Sri Lankan authorities should immediately return journalist Dharisha Bastians’ computer and allow her to report without fear of official harassment, the Committee to Protect Journalists (CPJ) said today.
On June 9, officials from the Criminal Investigation Department raided Bastians’ home in Colombo, the capital, and seized her laptop in connection to an investigation over the alleged abduction of a Swiss embassy staffer in the city in November, she wrote in a statement shared on Twitter. Bastians, a contributor to the New York Times and former editor of the state-run Sunday Observer newspaper, wrote that the officers had a warrant for the laptop, and that they had twice previously tried to confiscate it without a warrant.
Authorities allege that the embassy staffer’s abduction was staged, and accuse Bastians of communicating with the staffer and being linked to the alleged abduction, according to news reports. Bastians left Sri Lanka in November, and the raid was conducted while her family members were living in her home, according to those reports.
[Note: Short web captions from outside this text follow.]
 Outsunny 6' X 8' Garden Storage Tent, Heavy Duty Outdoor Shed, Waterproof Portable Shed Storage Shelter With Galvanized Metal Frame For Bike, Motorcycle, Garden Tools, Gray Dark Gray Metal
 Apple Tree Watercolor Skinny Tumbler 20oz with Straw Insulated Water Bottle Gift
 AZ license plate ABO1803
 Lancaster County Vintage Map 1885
“CPJ strongly objects to the seizure of journalist Dharisha Bastians’ laptop and is concerned it could further endanger her sources,” said Aliya Iftikhar, CPJ’s senior Asia researcher. “Sri Lankan authorities should immediately end this intimidation campaign against Bastians, which is clearly retaliation for her critical reporting.” On June 16, the Colombo Chief Magistrate ordered government analysts to examine whether anything on the laptop had been changed since it was seized, according to those news reports.
In her statement, Bastians said she was concerned about “potential efforts by interested parties to compromise the integrity” of the laptop. She also wrote that Criminal Investigation Department previously obtained her phone records without a warrant and leaked them.
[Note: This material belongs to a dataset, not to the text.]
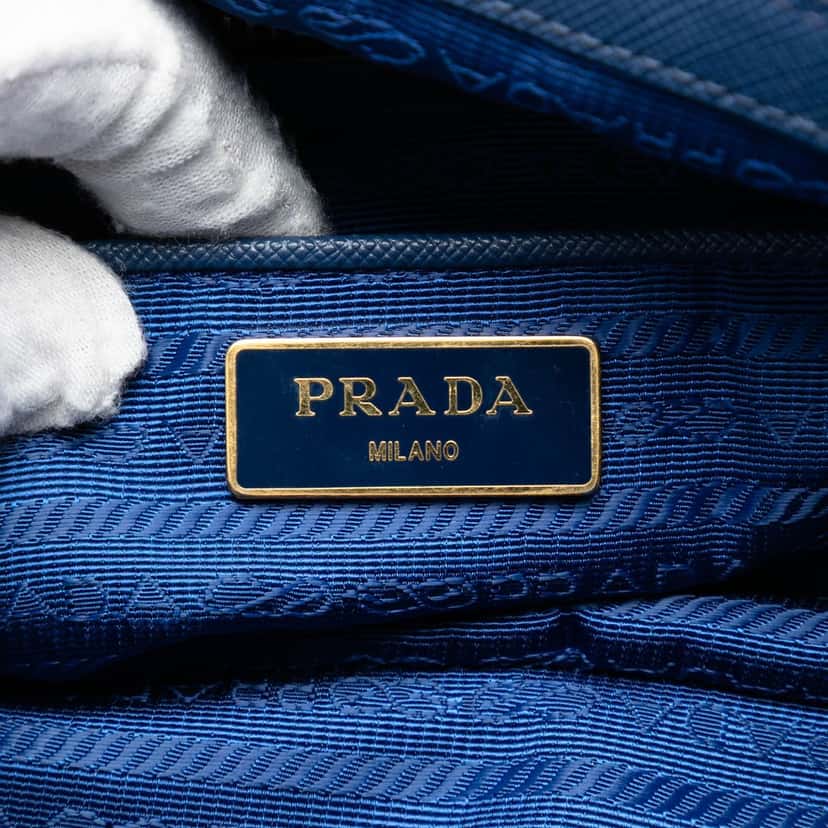 Prada Saffiano Trimmed Tessuto Satchel Blue Very good condition - Box View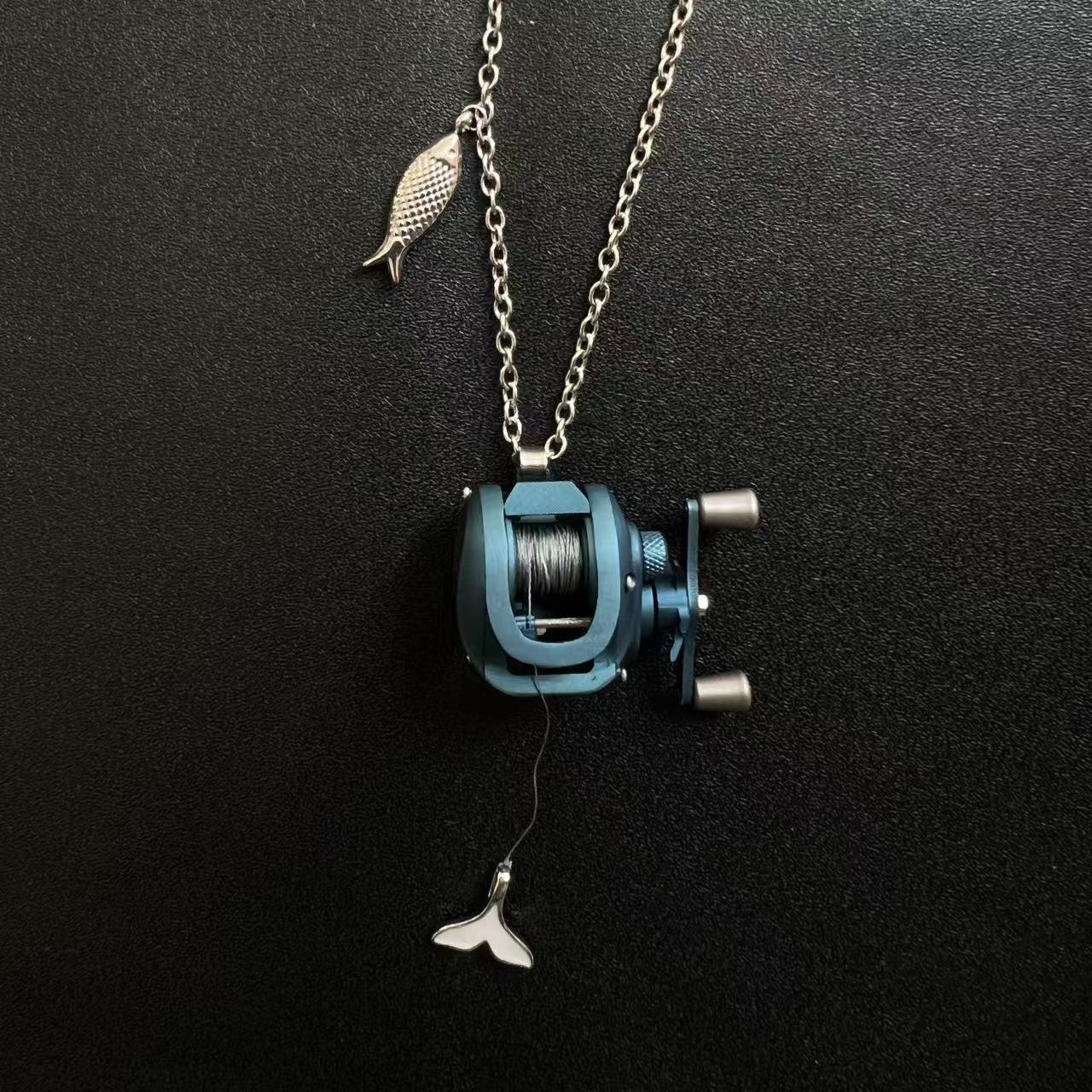 Mini Baitcasting Reel Necklace-Deep Blue 1.0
Bastians has reported and written columns on politics, human rights, enforced disappearances, and accountability for journalists who were murdered in Sri Lanka.
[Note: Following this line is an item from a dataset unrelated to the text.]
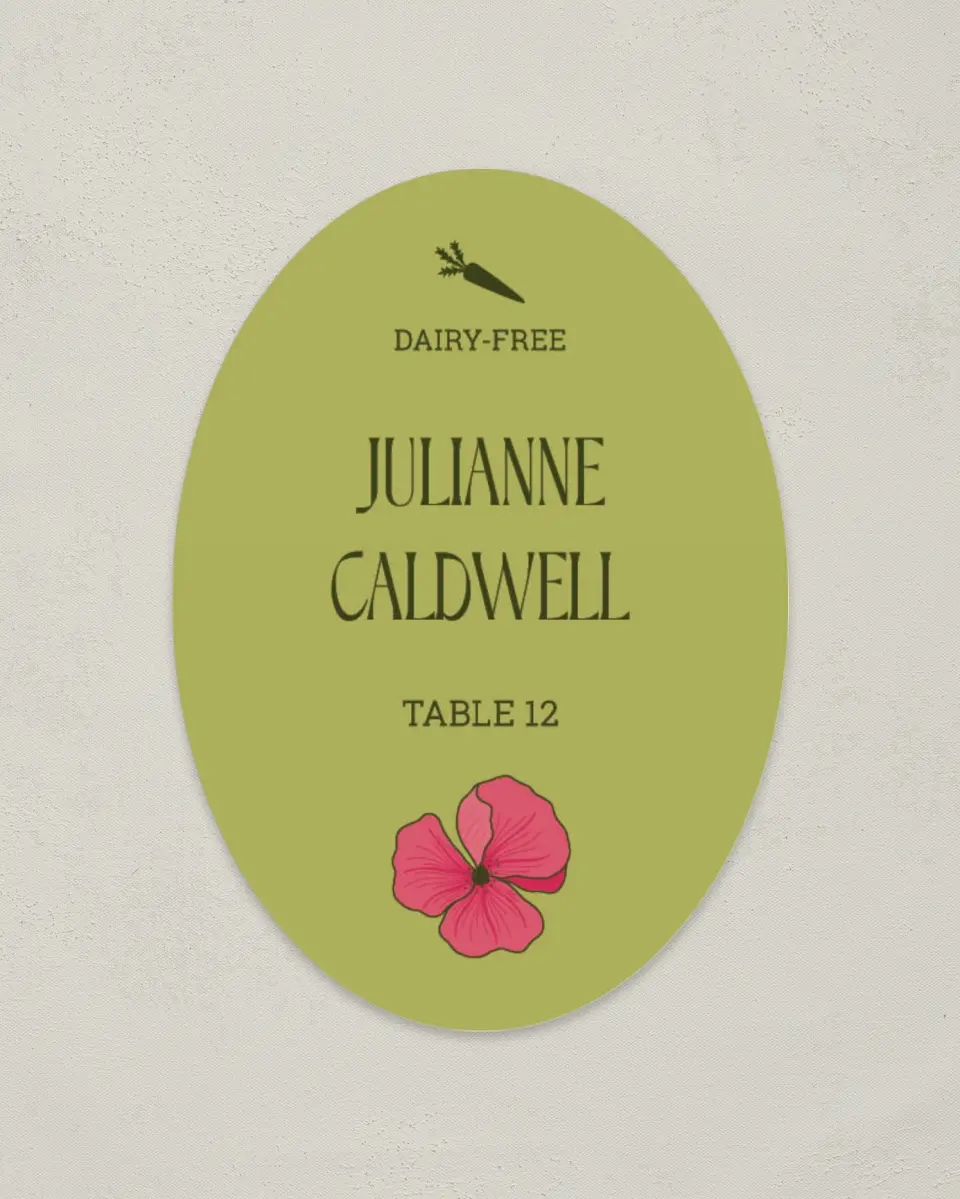 This is a 2.5" x 3.5" Wedding Place Card called Nouveau Romance printed in full color on Premium Smooth paper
In 2018, CPJ reported that former President Mahinda Rajapaksa, who at the time was in the opposition party and is now the country’s prime minister, publicly named Bastians after she contributed to a New York Times investigation into his failed 2015 presidential campaign.
The Criminal Investigation Department did not respond to CPJ’s emailed request for comment. Mohan Samaranayake, a spokesperson for President Gotabaya Rajapaksa, did not respond to a request for comment via messaging app.